En tout cas, il recourut alors à une de ses transitions ; et, sitôt la porte refermée derrière Mylord, et sans le moindre changement de ton, il passa de la conversation polie habituelle à un torrent d’injures.
– Mon cher Henry, c’est à vous de jouer, venait-il de dire ; – et il continua : – il est vraiment curieux de vous voir, jusque dans cette mince affaire d’un jeu de cartes, déployer une telle rusticité. Vous jouez, Jacob, comme un vieux laird1 à bonnet, ou un matelot dans une taverne. Même pesanteur, même avidité mesquine, cette lenteur d’hébété qui me fait rager2 ; il est bizarre que j’aie un pareil frère. Même Bouts-Carrés montre une certaine vivacité lorsqu’il craint pour son enjeu ; mais toute la fastidiosité de jouer avec vous, je manque de mots pour l’exprimer.
Mr.
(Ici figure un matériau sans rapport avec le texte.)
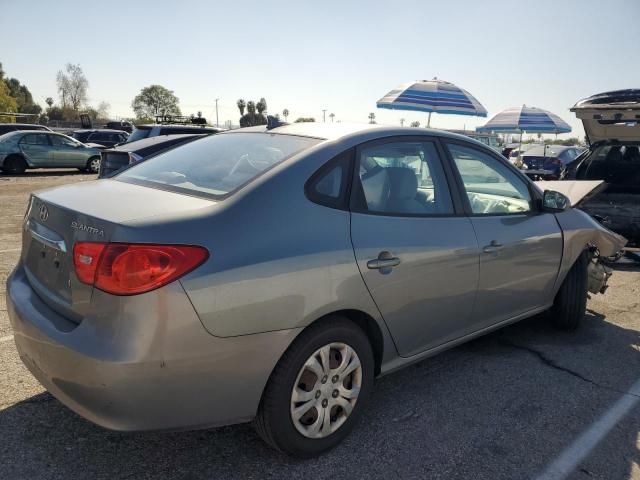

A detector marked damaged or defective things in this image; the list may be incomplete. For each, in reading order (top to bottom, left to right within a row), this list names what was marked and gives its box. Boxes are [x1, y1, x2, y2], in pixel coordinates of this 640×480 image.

front fender damage [552, 208, 624, 294]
Henry continua de regarder ses cartes, comme s’il méditait longuement quelque coup ; mais il avait l’esprit ailleurs.
– Bon Dieu ! ce sera-t-il jamais fini ? s’écria le Maître. Quel lourdaud3. Mais que vais-je embarrasser d’expressions françaises quelqu’un perdu dans une telle ignorance ? Un lourdaud, mon cher frère, est comme qui dirait un colas, un benêt, un croûton, un individu sans grâce, sans légèreté ni alacrité ; aucun talent de plaire, aucun brillant naturel : celui que vous pourrez voir quand vous le voudrez, en regardant un miroir. Je vous dis cela pour votre bien, je vous assure ; et en outre, Bouts-Carrés – (et il me regarda en étouffant un bâillement) – c’est une de mes distractions en ce lieu d’ennui, de vous retourner, vous et votre maître, comme des châtaignes au feu. Je prends un vif plaisir à votre cas, et observe que le surnom, tout grossier qu’il soit, a toujours le pouvoir de vous faire faire la grimace. Mais j’ai parfois plus de difficulté avec ce cher garçon-ci, qui semble s’être endormi sur ses cartes. Ne voyez-vous pas l’application de l’épithète que je viens de vous gloser, mon cher Henry ? Je vais vous la faire voir. Par exemple, avec toutes ces solides qualités que j’ai plaisir à vous reconnaître, je ne sache pas de femme qui ne me préfère, – ni, je pense (poursuivit-il avec la plus suave délibération) – je pense, qui ne continue à me préférer.
Mr. Henry déposa ses cartes. Il se leva très lentement, sans cesser de paraître absorbé en de profondes réflexions.
– Lâche ! dit-il doucement, comme à lui-même. Et puis, sans nulle hâte ni violence spéciales, il frappa le Maître sur la bouche.
Le Maître bondit et sembla transfiguré. Je ne le vis jamais aussi beau.
– Un coup ! s’écria-t-il. Je n’en recevrais pas du Dieu Tout-Puissant !
– Baissez la voix, dit Mr. Henry. Voulez-vous donc que votre père intervienne de nouveau en votre faveur ?
– Messieurs ! Messieurs ! m’écriai-je, tâchant de m’interposer.
Le Maître me prit par l’épaule, me tint à bout de bras, et s’adressant toujours à son frère :
– Savez-vous ce que cela signifie ? demanda-t-il.
– Ce fut le geste le plus délibéré de ma vie, répliqua Mr. Henry.
– Je veux du sang, j’aurai du sang pour cela, dit le Maître.
– Le vôtre, s’il plaît à Dieu, dit Mr. Henry.